# Performance Longsleeve shirts with Removable Tags



## Bfox (Feb 19, 2013)

Hello,
I have searched for a good quality performance shirt, must be long sleeve, that I can get with a removable tag. I have been using Alstyle for the regular cotton tee's and love them, and their ease of removal, but have yet to find a performance, moisture wicking type shirt that offer this. Any help?

Thank you


----------



## splathead (Dec 4, 2005)

Sport-Tek through Sanmar has some where you can tear away the brand label.
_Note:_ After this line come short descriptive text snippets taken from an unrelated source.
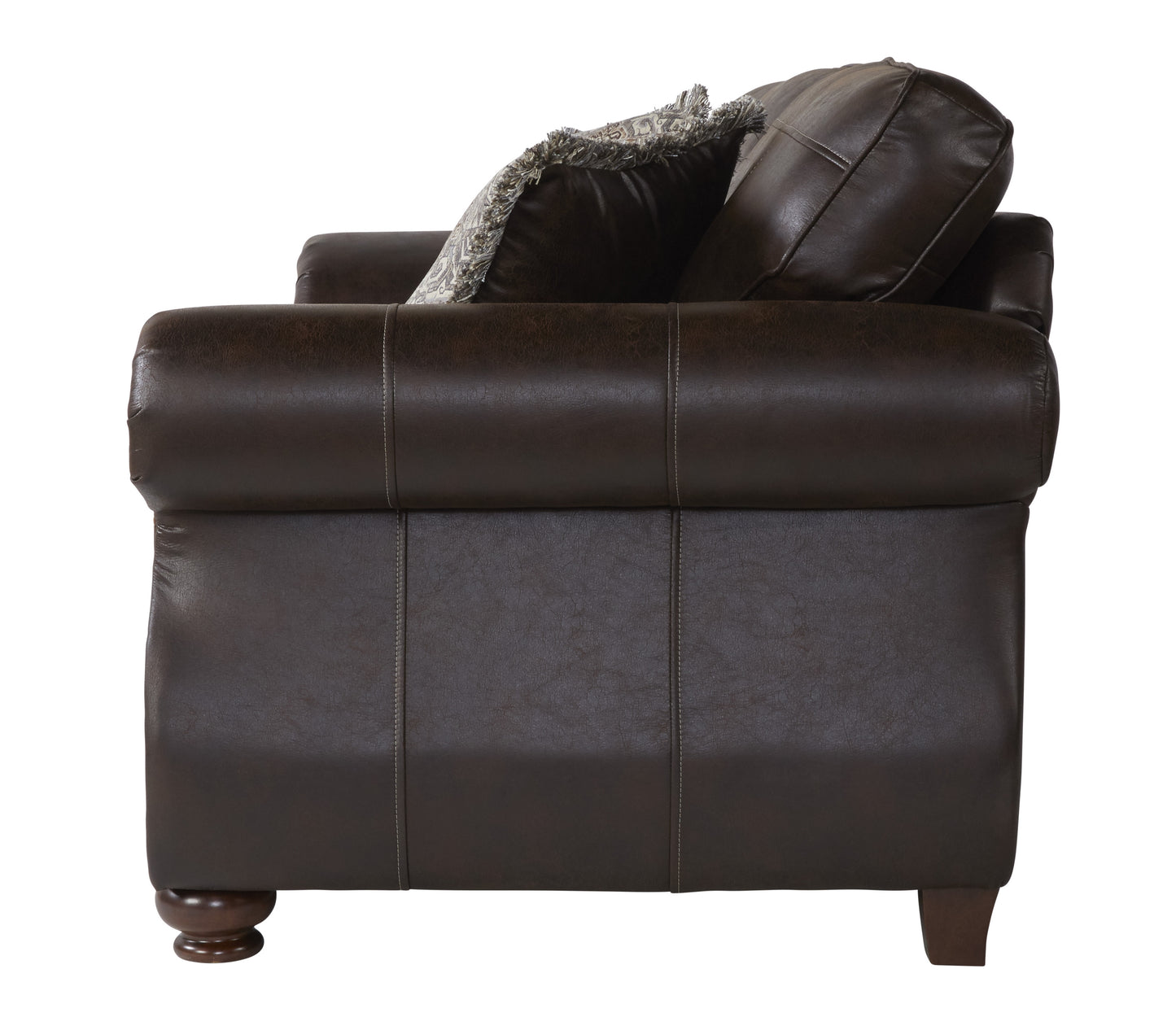 Dark brown leather armchair with decorative pillows and stitched detailing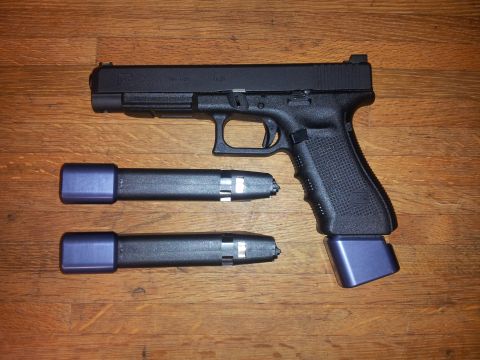 1996 Ford Bronco - A black handgun is displayed with two additional magazines and an extended magazine base plate.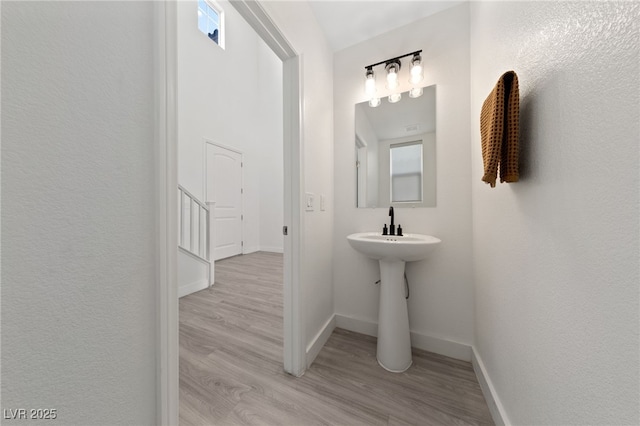 595 Beverly Pine Pl, Henderson, NV 89011 - bathroom featuring baseboards and wood finished floors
But the size label is not tear-away.


----------



## Bfox (Feb 19, 2013)

When I look through SanMars product list, the only Sport-tek long sleeve I can find on there that mentions the removable label is listed as "discontinued" and is the Sport Tek Competitor model.

Are there other Sport Tek shirts that may have removable labels that may not say so in the description?


----------



## splathead (Dec 4, 2005)

Bfox said:


> When I look through SanMars product list, the only Sport-tek long sleeve I can find on there that mentions the removable label is listed as "discontinued" and is the Sport Tek Competitor model.
> 
> Are there other Sport Tek shirts that may have removable labels that may not say so in the description?


They may have some colors that are discontinued/changed, but they still offer a full range 

SanMar - Wholesale Imprintable Apparel & Accessories


----------